Tuesday, May 01, 2007

Freedom of religion under attack

Catholic Insight
By RoryLeishman

In a public lecture at London, England, on March 28, the Archbishop of Westminster, Cardinal Cormac Murphy-O’Connor, observed that “the freedom of religion is much more than the freedom to worship; it is the freedom to act according to that belief in the service of others.”
In Britain, as in Canada, freedom of religion has recently come under systematic attack by the state. In Britain, the latest excess occurred on March 22, when Parliament enacted sweeping regulations under the Equality Act that forbid discrimination on the basis of sexual orientation. There is no provision in the law to exempt religious institutions.
Both Prime Minister Tony Blair and Conservative Opposition Leader David Cameron backed the new regulations despite a warning from Murphy-O’Connor that they could force Catholic adoption agencies to shut down, because Catholic social workers cannot in good conscience arrange for the adoption of vulnerable children by same-sex couples. The new regulations could also force private Catholic schools in Britain to subject their pupils to gay rights propaganda.
Throughout the 20th century, Britain maintained an exemplary record of respect for the free exercise of religion. As Murphy-O’Connor noted in his lecture, both the Abortion Act 1967 and the Human Fertilisation and Embryology Act 1990 include “conscientious objection” provisions that exempt physicians who uphold the sanctity of human life from any legal obligation to perform abortions or death-dealing fertility treatments. For faithful Christians, the lack of any comparable “conscientious objection” clause in the Equality Act is downright ominous.
In Canada, freedom of religion has also come under attack, but here, the main threat comes not so much from equality-obsessed legislators as out-of control judges in the courts. Thus, despite the lack of any authority in law or precedent, the Supreme Court of Canada held in Trinity Western, 2001, that the “freedom to hold beliefs is broader than the freedom to act on them.” Just a few months later, Mr. Justice Robert McKinnon of the Ontario Superior Court of Justice cited this judicial decree in Trinity Western as justification for holding in the Hall case that the staff at an Ontario Catholic secondary school can inform students about the Church's teachings on the sinfulness of sodomy, but cannot act upon this religious belief, by barring a student from bringing a homosexual date to a school dance.
With rulings like these, the courts and human rights tribunals in Canada have trampled upon the historic rights of Canadians to the free exercise of religion. And now the Parliament of Britain is doing the same.
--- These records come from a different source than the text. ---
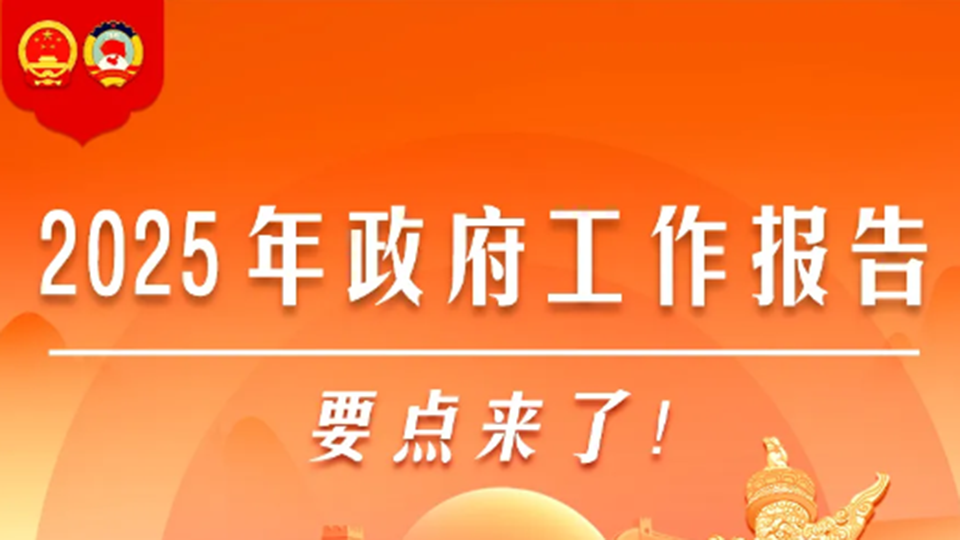 圖解丨2025年政府工作報告，要點(diǎn)來了！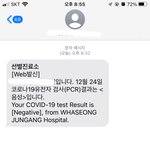 씌바 <b>음성</b>떴다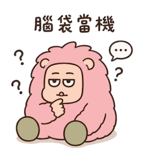 841439102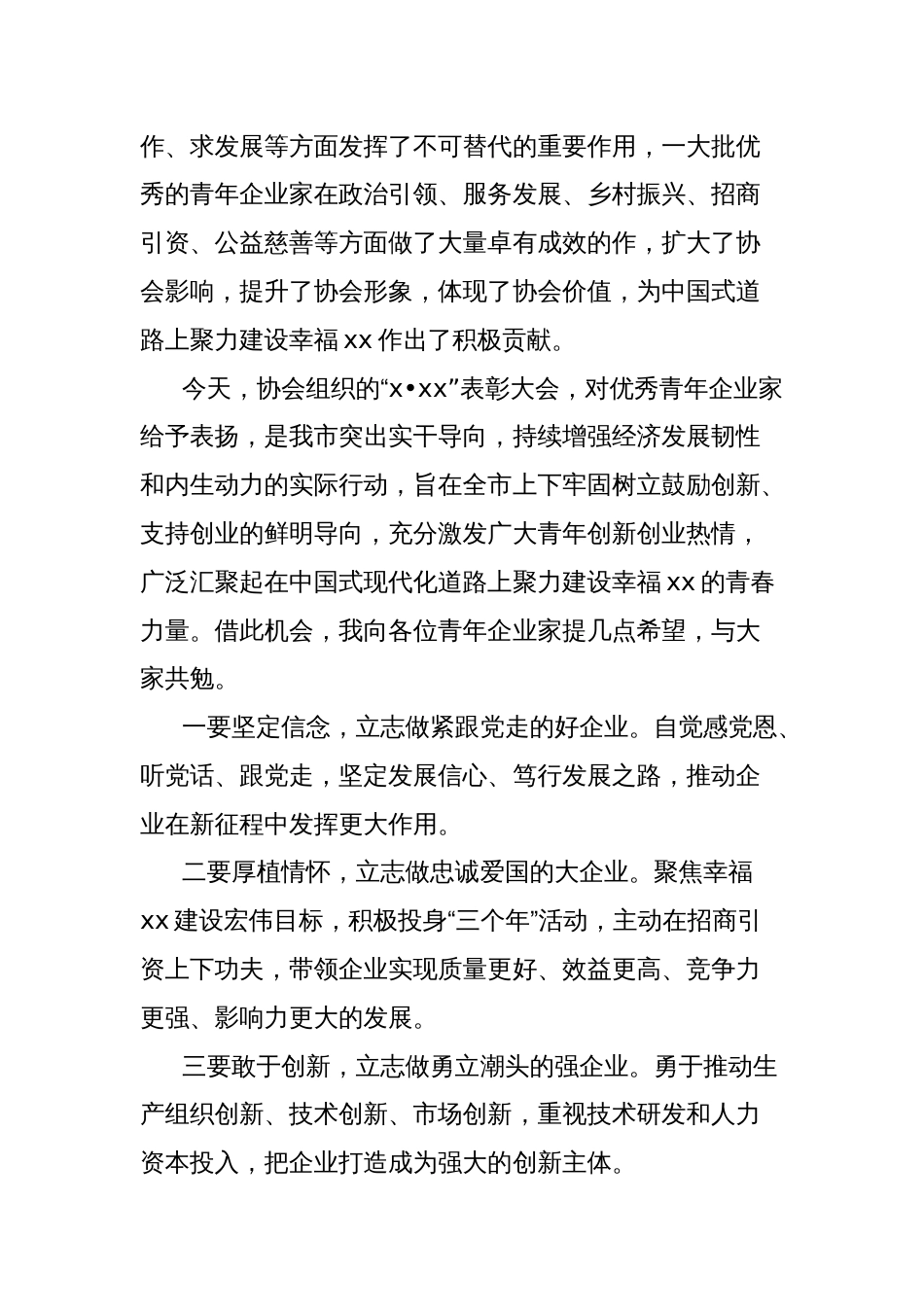 (4篇)“五四”青年节主题讲话材料汇编_第2页
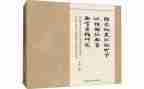 教师语文教学总结个人总结范文6篇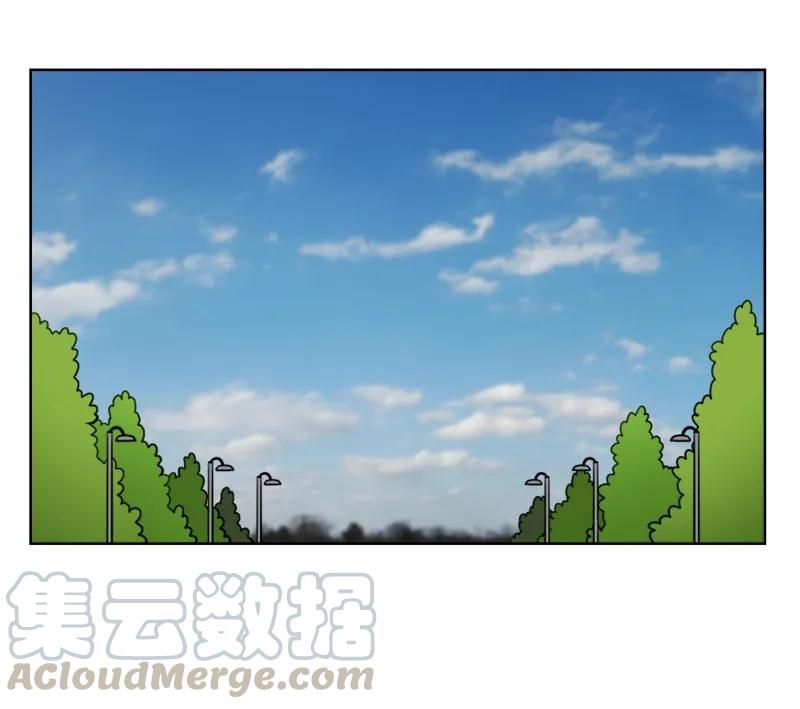 《我的老师居然是人类》20 第20话 第5页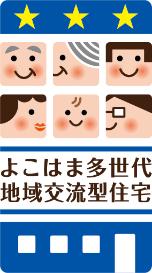 認定ロゴマーク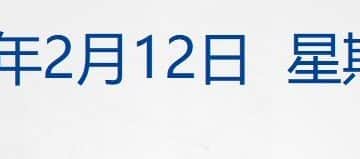 强劲非农重挫降息预期！美股收跌，金银油齐涨；特朗普：要求与伊朗继续谈判；Deepseek、智谱等集体上新；胖东来创始人年后退休丨每经早参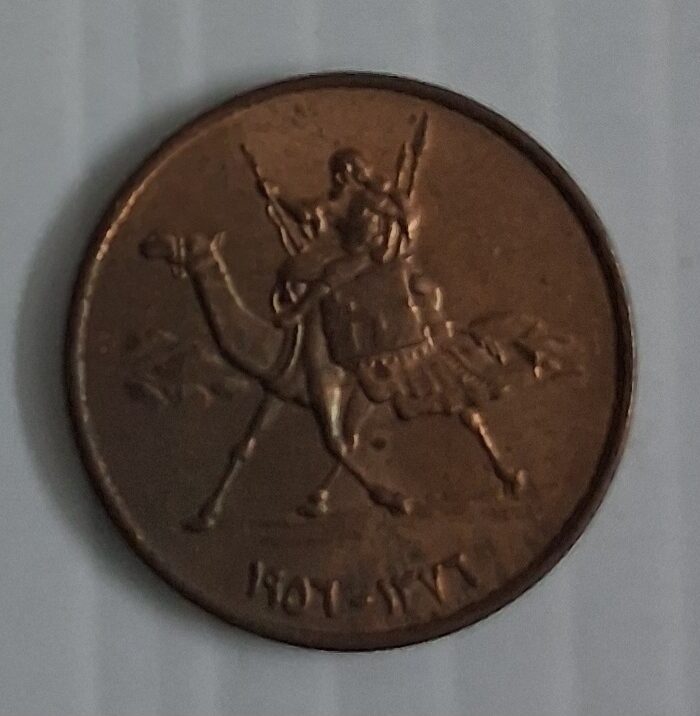 Sudan 1 Millieme 1956-1969 world coin Camel Postman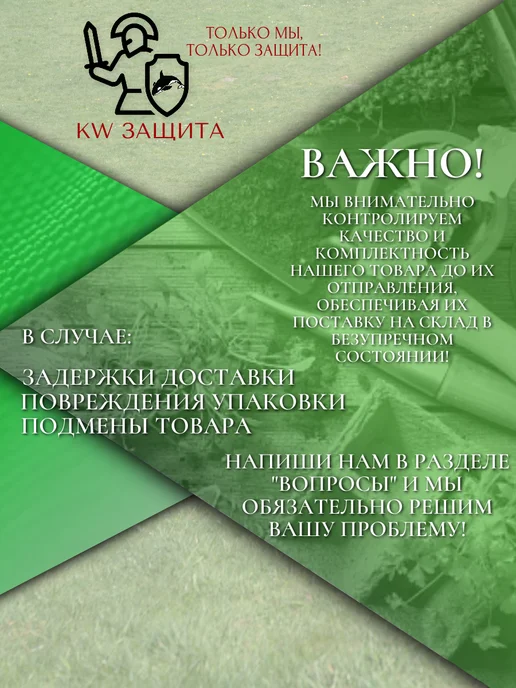 KW защита Перчатки садовые с покрытием 10 пар, фиолетовый, фото 6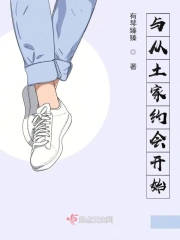 与非遗的开始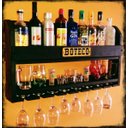 Ver imagem 6 de Bar de Parede “Chimera Concepts” para 09 Garrafas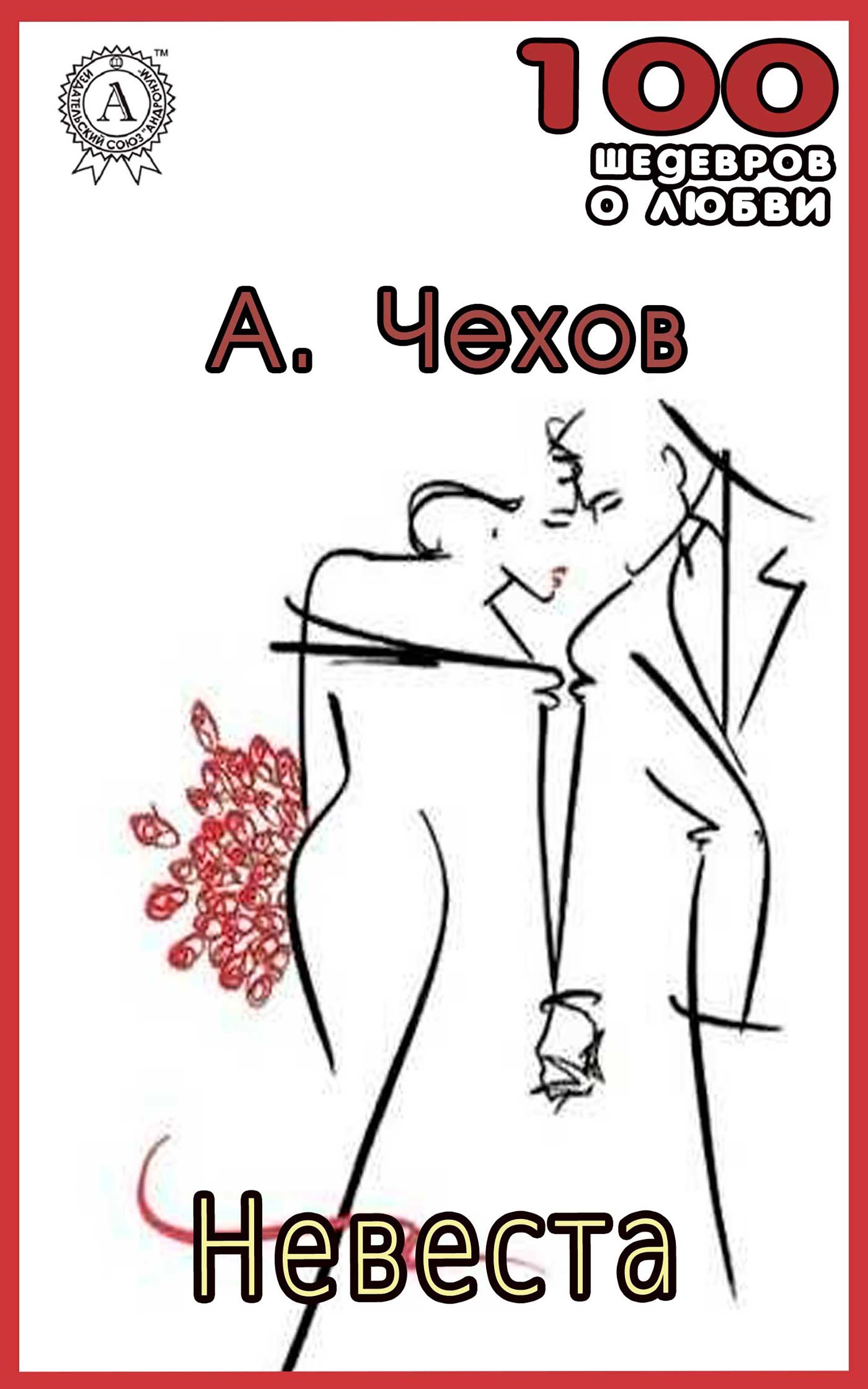 

Невеста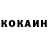 КЕТАМИН VHQ Ayriska Iriska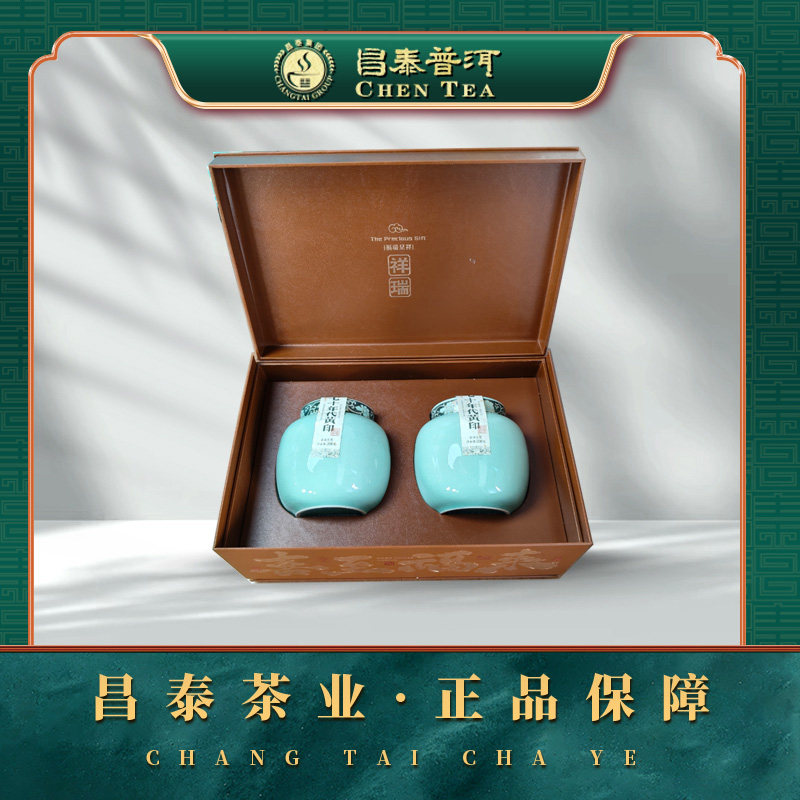 昌泰普洱70年代小黄印解块青饼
Currently in both countries, it’s an offence for a social worker in an adoption agency to decline to help a homosexual couple adopt a child or for a musician who offers services to the public to refuse to play at a same-sex wedding.
Sooner or later, some resolute Christians in Britain and Canada are going to end up as prisoners of conscience for refusing to divorce their actions from their beliefs. These faithful Christians will be incarcerated for heeding the admonition in the Epistle of James that followers of Christ should “be doers of the word, and not hearers only.”
The suppression of freedom of religion does not just threaten individual Christians. It also undermines the moral foundations of democracy. Cardinal Murphy-O’Connor recalled in his lecture how several European countries in the last century also came under the control of arrogant politicians and judges who constricted religion to the purely private sphere and declared themselves to be a law unto themselves, subject to no higher moral authority.
Murphy-O’Connor argued that it is no coincidence that some of these European countries easily slipped from a liberal to a totalitarian state. He noted: “In stark contrast, Britain resisted this trend by its continued inclusion of religion in the public sphere, and we remained democratic.”
It would be reckless for Canadians to assume that our country could never lapse into totalitarian oppression. We should heed Murphy-O’Connor’s warning: “When an essential core of our democratic freedom risks being undermined, subsequent generations will hold to account those who were able to raise their voices yet stayed silent. Christian witness does not permit us to be silent on the fundamental importance of the free exercise of religious belief.”